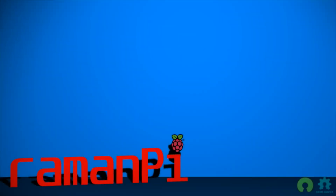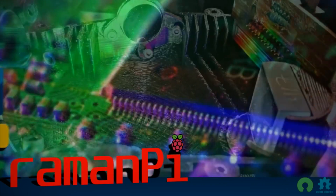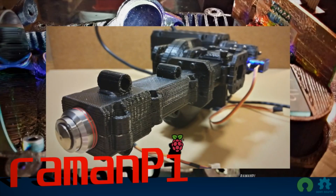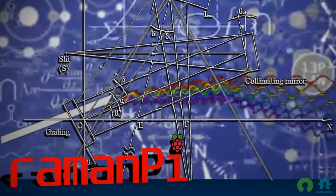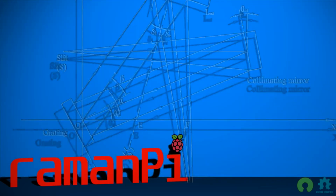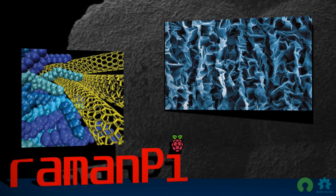Raman Pi is a benchtop Raman spectrometer constructed from very easy to source components and 3D-printed parts, capable of being printed on even entry-level printers. Complicated physics aside, Raman Pi provides valuable information about a wide range of materials.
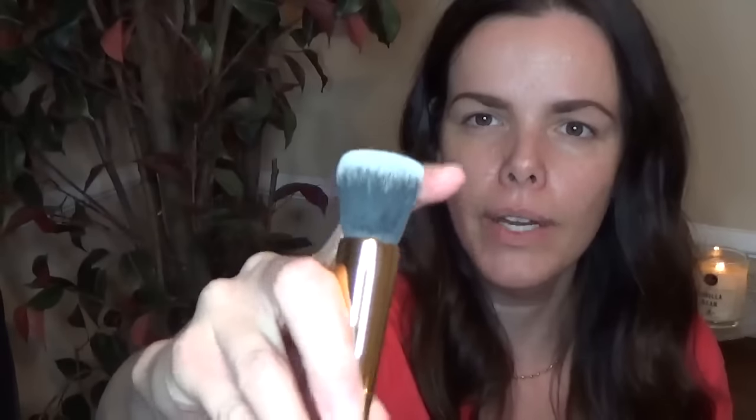Last but not least, you get this really pretty brush — the only one that is single-sided, just like a regular brush. They call this one the complexion brush. It looks like a powder brush and you can use it as one. It's fluffy enough to put powder on and not super dense like a kabuki brush, but slightly dense — I'd say medium. You could also use this to buff in mineral foundation.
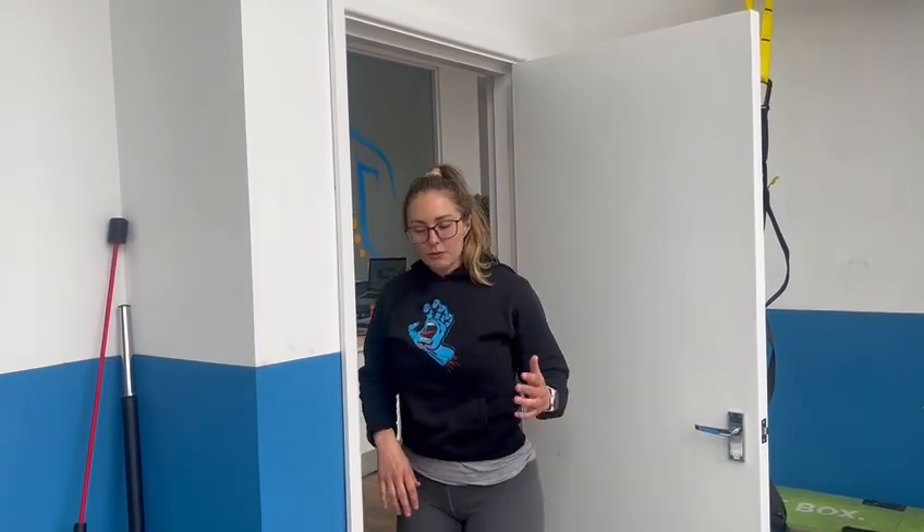Hey guys, it's Lena at Corg and in this video we're going to be looking at a passive shoulder stretch. We're going to use the top of the door frame to do it. So basically I'm working in end-range shoulder flexion up here, okay? So I'll show you from both sides.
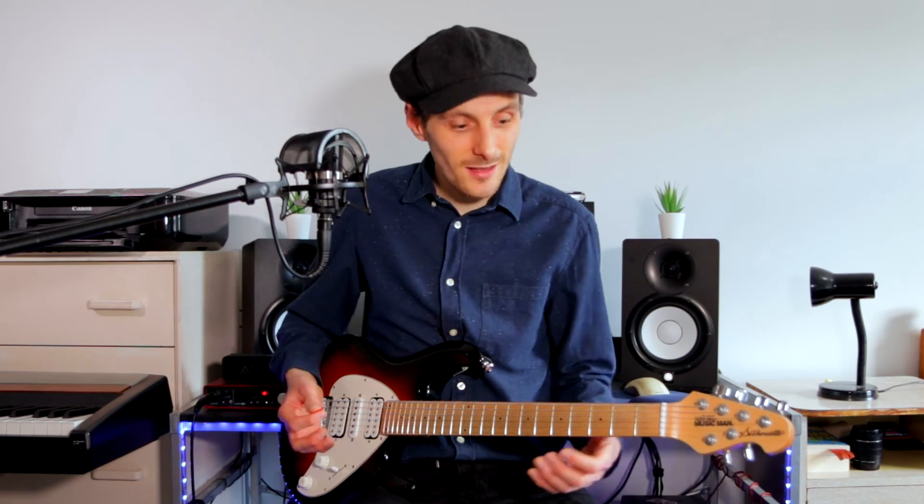One really cool thing that you can do with this, just to kind of get you started, just try your normal traditional D chord. But now instead of only playing the highest four strings, you can actually play all six strings like this. Very nice.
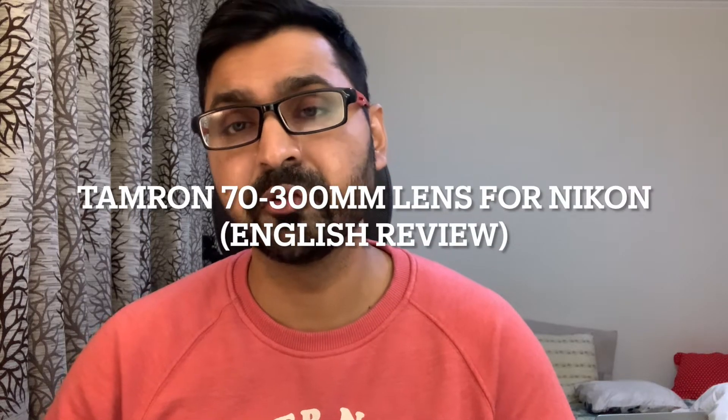Welcome to a new review video. In this video we're going to review the Tamron 70-300mm lens for the Nikon system. This is how it looks.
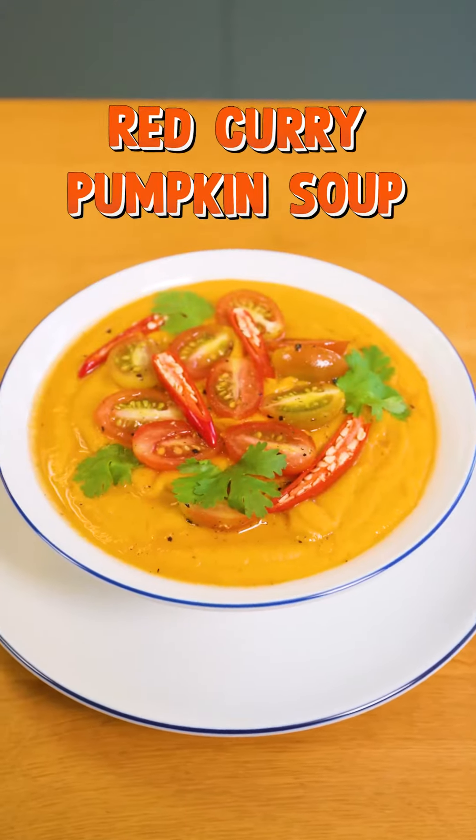Hi there! Welcome back to Copra's Kitchen. I'm Ivy and we're gonna be making red curry pumpkin soup. Can't wait to share that with you, so let's do this!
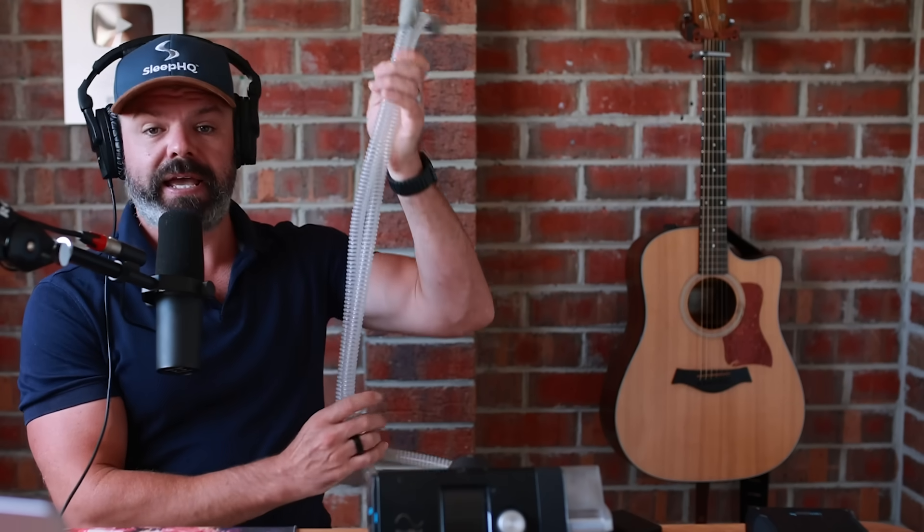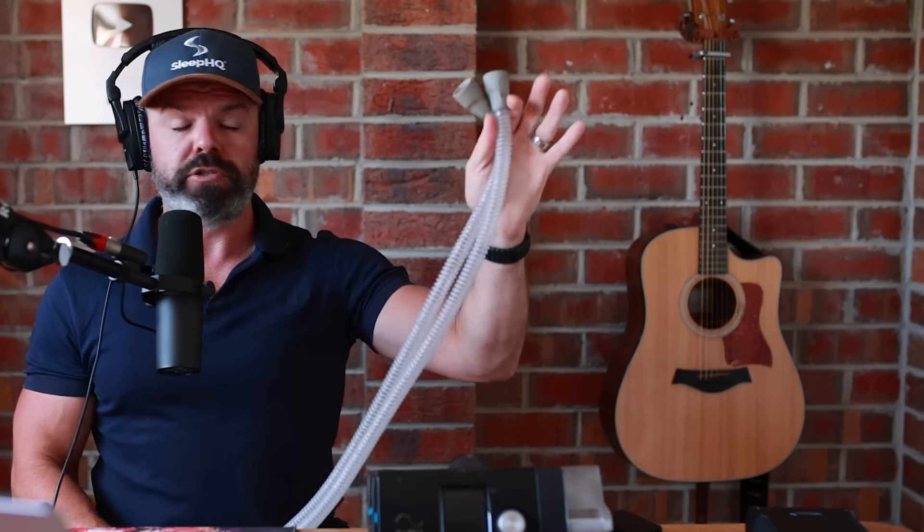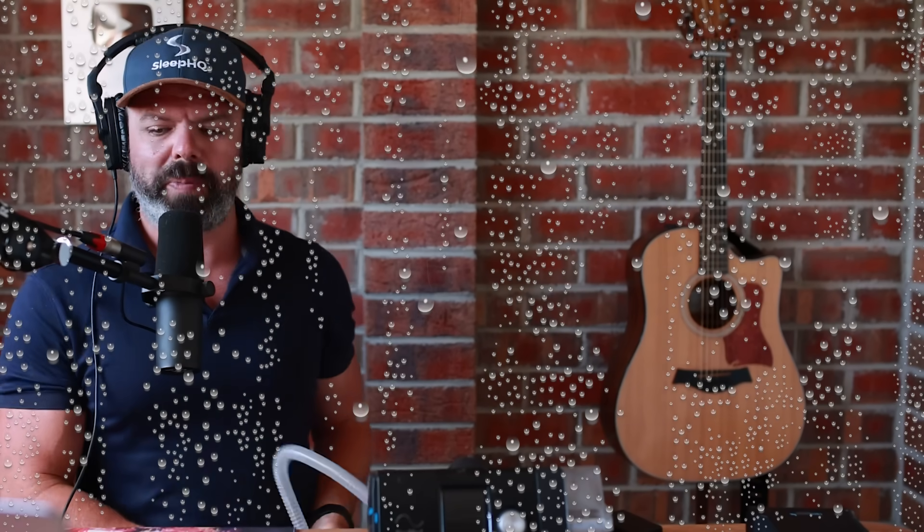Now we can run this AirSense 10 with a standard tube — a non-heated tube. And I see a lot of people using a non-heated tube. By the end of this video, I can pretty much guarantee you'll all be shopping for a heated tube. Much better — you get more humidification and it also enables you to optimize the humidification to reduce rain out. We'll talk about that more in a minute.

######

## TASK ITEM:
In the listing above, find the line containing "Last but not". Output it and every line after it up to and including the line containing "Hi there! Welcome", exactly, but skip the pictures.

## RESPONSE TO THIS TASK:
Last but not least, you get this really pretty brush — the only one that is single-sided, just like a regular brush. They call this one the complexion brush. It looks like a powder brush and you can use it as one. It's fluffy enough to put powder on and not super dense like a kabuki brush, but slightly dense — I'd say medium. You could also use this to buff in mineral foundation.
Hey guys, it's Lena at Corg and in this video we're going to be looking at a passive shoulder stretch. We're going to use the top of the door frame to do it. So basically I'm working in end-range shoulder flexion up here, okay? So I'll show you from both sides.
One really cool thing that you can do with this, just to kind of get you started, just try your normal traditional D chord. But now instead of only playing the highest four strings, you can actually play all six strings like this. Very nice.
Welcome to a new review video. In this video we're going to review the Tamron 70-300mm lens for the Nikon system. This is how it looks.
Hi there! Welcome back to Copra's Kitchen. I'm Ivy and we're gonna be making red curry pumpkin soup. Can't wait to share that with you, so let's do this!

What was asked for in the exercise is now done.